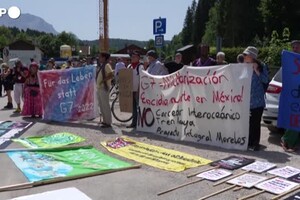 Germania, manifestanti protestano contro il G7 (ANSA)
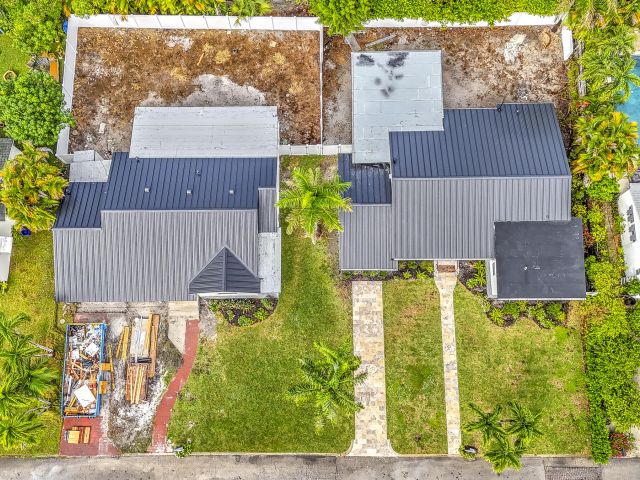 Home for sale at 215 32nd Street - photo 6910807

...

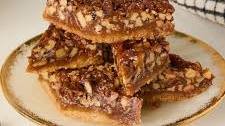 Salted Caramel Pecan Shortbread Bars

◆ Directions for this task
Word for word, repeat the lines above from the one with "Germania, manifestanti protestano" through the one with "Home for sale", and nothing beyond them. Omit the pictures.

◆ Response for this exercise
 Germania, manifestanti protestano contro il G7 (ANSA)
 Home for sale at 215 32nd Street - photo 6910807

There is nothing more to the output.